Trotz seiner Popularität - von mehreren wunderbaren Heilungen wird berichtet - blieb Peter ein unpolitischer, einfacher Bauernsohn mit starkem Hang zum Mystizismus. 1286 verzichtete er auf die Würden als Abt und Prior und lebte wieder als einfacher Eremit; dennoch hatte sich sein Ruf der Heiligkeit und des wirkungsvollen Organisators in der vatikanischen Kurie und am Königshof in Neapel verbreitet.
Noch während seiner Zeit als Einsiedler wurde Peter am 5. Juli 1294 in Perugia auf Betreiben des neapolitanischen Königs Karl II. von Anjou als fast 80-jähriger zum Papst gewählt; seine Wahl beendete harte Auseinandersetzungen im nur zwölfköpfigen Kardinalskollegium und eine zweijährige Vakatur. Als ihn die Nachricht von der Wahl erreichte, wollte er mit einem Mönchsbruder in die Wildnis fliehen. "Ich schaffe es nicht, mich selbst zu retten; wie soll ich da die ganze Welt retten?", soll er ausgerufen haben. Doch seine Anhänger umlagerten seine Zelle und überzeugten ihn: es sei eine Todsünde, die Wahl auszuschlagen. Am 28. Juli 1294 zog Peter - dem Beispiel Jesu Christi folgend - auf einem Esel in L'Aquila ein, wo er in seiner Kirche Santa Maria di Collemaggio gekrönt und geweiht wurde. Viele in der Menschenmenge meinten, die Wiederkunft Christi zu erleben - oder zumindest den Einzug des "Engelpapstes": dieser sollte nach den Verheißungen des Joachim von Fiore das Zeitalter des Heiligen Geistes einleiten und die Kirche in eine Epoche der Ruhe und des Glücks führen.
Doch Coelestin besaß keinerlei Erfahrungen auf dem Gebiet der Verwaltung der Kurie und ließ sich seine Politik schon bald vom neapolitanischen König Karl II. diktieren. Unter dessen Druck musste er im Oktober 1294 seinen Amtssitz an den Königshof im Castel Nuovo nach Neapel verlegen. Auch Coelestin war wohl durch Joachim von Fiores Einteilung der Zeitalter beeinflusst: im September 1294 ernannte er zwölf neue Kardinäle und unter ihnen viele Mönche - möglicherweise wollte er das verheißene Zeitalter des Heiligen Geistes und mönchischen Lebens einleiten. Gleichzeitig breitete sich in der Kirchenleitung Chaos und Korruption aus.

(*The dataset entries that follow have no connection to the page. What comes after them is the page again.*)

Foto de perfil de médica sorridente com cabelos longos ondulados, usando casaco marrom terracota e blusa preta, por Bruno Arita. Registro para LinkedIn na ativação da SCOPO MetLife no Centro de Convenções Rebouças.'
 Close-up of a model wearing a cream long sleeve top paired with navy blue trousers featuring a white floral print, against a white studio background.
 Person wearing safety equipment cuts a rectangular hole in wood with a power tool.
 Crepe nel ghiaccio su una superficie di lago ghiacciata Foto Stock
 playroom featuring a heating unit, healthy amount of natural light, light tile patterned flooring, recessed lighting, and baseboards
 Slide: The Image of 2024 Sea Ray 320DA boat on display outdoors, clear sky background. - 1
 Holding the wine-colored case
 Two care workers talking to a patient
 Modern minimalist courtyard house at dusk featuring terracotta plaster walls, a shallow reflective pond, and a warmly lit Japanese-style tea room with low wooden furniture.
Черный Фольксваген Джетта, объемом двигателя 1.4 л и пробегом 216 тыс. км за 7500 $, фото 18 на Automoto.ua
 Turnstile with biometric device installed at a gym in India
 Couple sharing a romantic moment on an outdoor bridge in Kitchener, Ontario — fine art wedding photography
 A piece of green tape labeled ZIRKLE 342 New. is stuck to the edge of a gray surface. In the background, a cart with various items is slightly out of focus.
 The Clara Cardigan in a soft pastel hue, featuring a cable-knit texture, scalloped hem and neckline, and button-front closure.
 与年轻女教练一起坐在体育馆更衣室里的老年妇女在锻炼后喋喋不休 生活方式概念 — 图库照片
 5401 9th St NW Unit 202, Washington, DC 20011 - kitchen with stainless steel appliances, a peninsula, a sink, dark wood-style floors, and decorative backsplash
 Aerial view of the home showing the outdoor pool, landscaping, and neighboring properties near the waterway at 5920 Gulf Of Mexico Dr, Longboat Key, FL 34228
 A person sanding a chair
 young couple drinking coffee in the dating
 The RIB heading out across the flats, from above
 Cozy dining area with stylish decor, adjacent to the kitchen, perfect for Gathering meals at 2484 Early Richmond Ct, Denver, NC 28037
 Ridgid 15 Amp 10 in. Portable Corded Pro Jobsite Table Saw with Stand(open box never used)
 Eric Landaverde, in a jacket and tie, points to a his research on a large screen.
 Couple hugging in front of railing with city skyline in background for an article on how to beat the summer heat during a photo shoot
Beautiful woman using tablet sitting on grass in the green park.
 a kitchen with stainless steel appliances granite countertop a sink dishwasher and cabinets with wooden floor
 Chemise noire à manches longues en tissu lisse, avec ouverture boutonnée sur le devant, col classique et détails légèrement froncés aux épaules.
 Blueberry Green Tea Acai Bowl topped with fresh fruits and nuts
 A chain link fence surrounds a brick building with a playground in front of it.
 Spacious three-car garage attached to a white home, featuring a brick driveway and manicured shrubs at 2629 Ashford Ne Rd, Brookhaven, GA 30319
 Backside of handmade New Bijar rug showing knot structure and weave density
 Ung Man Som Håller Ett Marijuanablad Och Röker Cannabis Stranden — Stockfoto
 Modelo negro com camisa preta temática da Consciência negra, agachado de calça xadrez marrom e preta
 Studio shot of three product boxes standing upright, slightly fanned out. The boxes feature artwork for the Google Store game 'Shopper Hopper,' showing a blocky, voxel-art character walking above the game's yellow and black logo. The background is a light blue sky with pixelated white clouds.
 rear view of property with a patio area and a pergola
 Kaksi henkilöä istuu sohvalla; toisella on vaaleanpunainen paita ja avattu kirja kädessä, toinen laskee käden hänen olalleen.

Coelestin bemerkte, dass es ihm nicht gelingen würde, die Kirche selbst zu führen. Sein Entschluss zur Abdankung wurde wohl auch durch Kardinal Benedikt Caëtani gefördert, der die Abdankungsurkunde verfasste - und als Papst Bonifatius VIII. schon nach elf Tagen Vakanz Coelestins Nachfolger wurde. Das Volk war entsetzt, als es von der Absicht des Kirchenfürsten erfuhr, sein Amt niederzulegen; vor dem päpstlichen Quartier versammelte sich eine Menschenmenge, die die Demission verhindern wollte. Coelestin verzichtete auf die Abdankung, aber sieben Tage später, am 13. Dezember 1294, war es soweit: Nachdem er die Frage nach der Möglichkeit einer Abdankung durch Erlass einer Konstitution darüber selbst beantwortet hatte, legte Coelestin vor dem Kardinalskollegium in Neapel die päpstlichen Insignien nieder, zog die prunkvollen Gewänder aus und streifte wieder seine Mönchskutte über.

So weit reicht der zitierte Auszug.